A Revolving Door Farce: CFTC Commissioner Bails To Head Regulator’s Biggest Opponent

Courtesy of Zero Hedge

There is no better way to describe what the recently departed CFTC commissioner Scott O'Malia just did when he bailed from the commodity watchdog to become the new head of the International Swaps and Derivatives Association, aka ISDA, the biggest banking group that has constantly opposed every intervention and attempt to regulate the swaps market by the CFTC since the Lehman crisis, than an epic farce.

For those who are unaware ISDA is a global OTC derivative lobby group, counting the world's largest investment banks among its members, and has frequently fought regulatory efforts to reform the market after the financial crisis. ISDA itself was exposed as a complete joke during the European crisis when due to the overhang of avoiding Europe's insolvent reality, it made CDS protection obsolete as protection from sovereign restructurings and credit events, in the process crushing one of the key ways to hedge for credit event risk. 

Meet Scott O'Malia

A member of the U.S. Commodity Futures Trading Commission will become the new head of a bank lobby group that is fighting the derivatives regulator in court over a crucial new rule curtailing Wall Street.

The International Swaps and Derivatives Association said on Wednesday that Scott O'Malia, a Republican who often voted against new CFTC policy in the wake of the financial crisis, will become the trade group's next chief executive.

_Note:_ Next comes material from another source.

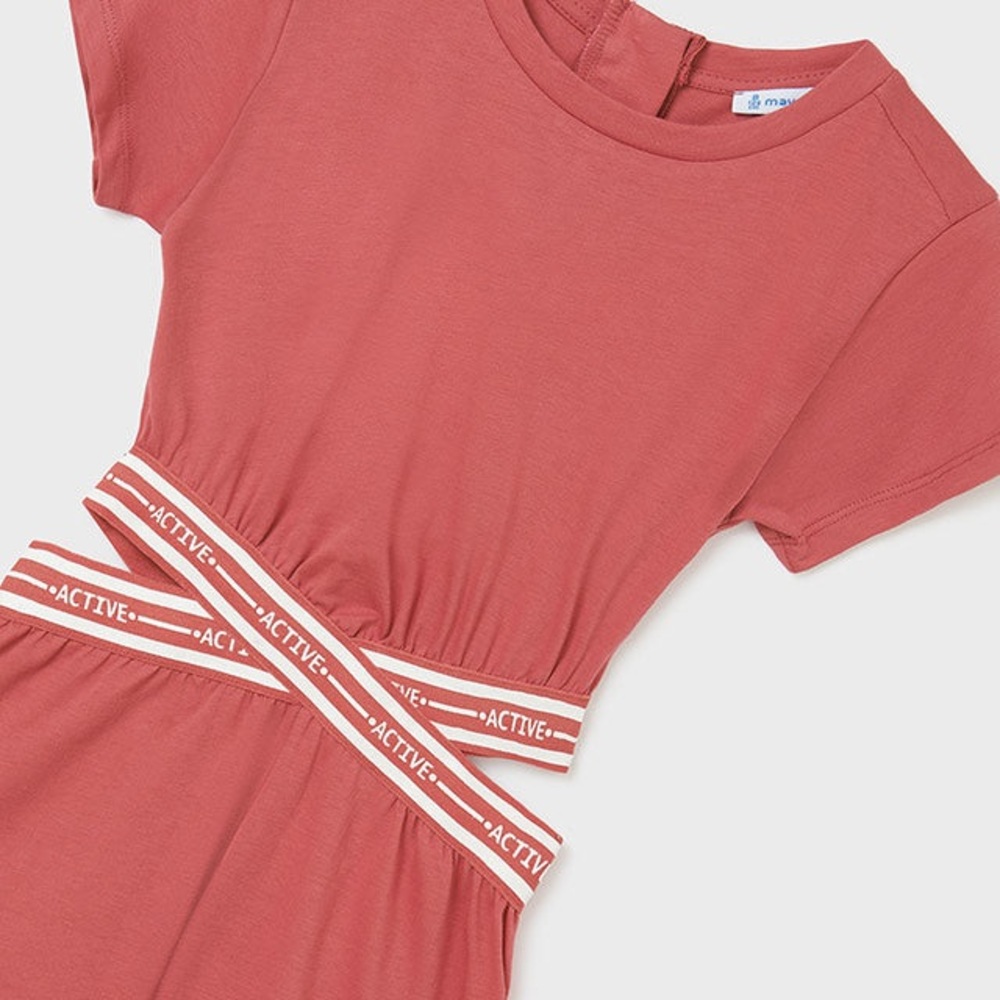 Size 12:Girls Mayoral Pink Dress with Active Striped Belt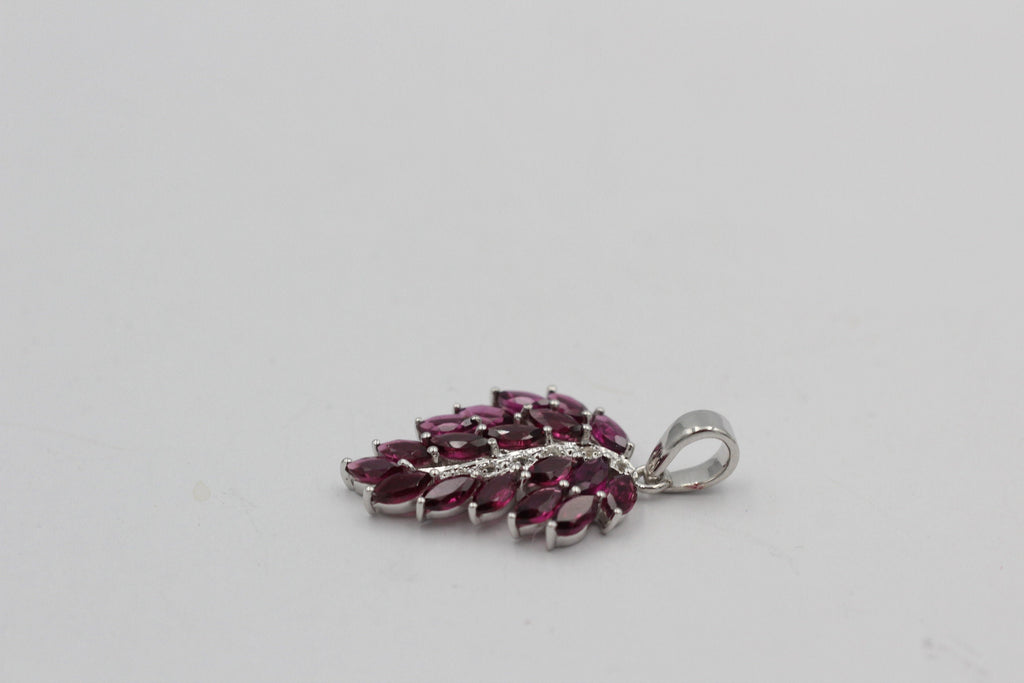 Edler 3,05  Carat Rhodolith weisstopas Anhanger 925 Silber Collier Kette Top Edel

O'Malia will start his new job as of Aug. 18, ISDA said. The news came only days after O'Malia said he planned to leave the CFTC as of Aug. 8.

ISDA is one of three banking groups that sued the CFTC in December, hoping to beat back tough trading guidelines for U.S. companies doing business overseas, which they fear could hurt markets and cut profits.

The two sides are set to face each other in a first hearing in a federal court in Washington next week.

Even an otherwise impartial Reuters appears outraged by this blatant and painfully clear example of government capture of "public servants" by those who have dangle carrots of money in exchange for lobby (and future employment promise) favors, and thus set the rules, courtesy of people like O'Malia.

The speed of O'Malia's move, and ISDA's high profile, made the appointment striking even by Washington standards, where a 'revolving door' between regulators and those they oversee makes moves from one side to the other common.

"This is why Americans are so disgusted with so many high government officials and believe that Washington is in cahoots with Wall Street," said Dennis Kelleher, who heads Better Markets, a group urging tighter regulation of big banks.

O'Malia spent more than four years as a member of the CFTC, and was an outspoken critic of the rule-making process mandated by the 2010 Dodd-Frank financial reform law, which he said had been rushed, confused and lacked transparency. At the CFTC, he chaired the Technology Advisory Committee, which drives the agency's efforts to better cope with the vast amount of data it has to handle.

But wait, wasn't it that other former CFTC commissioner, Bart Chilton, who since has also departed for the far better paying confines of the private sector, who claimed every chance he got that it was the CFTC's "woefully small budget" that prevented it from analyzing the data it got? Apparently it turns out that the only reason for the CFTC's abysmal enforcement record is because the group in charge of processing said data was controlled by a coopted individual whose only prerogative was to cozy up to his future employer, ISDA, and not make any waves whatsoever.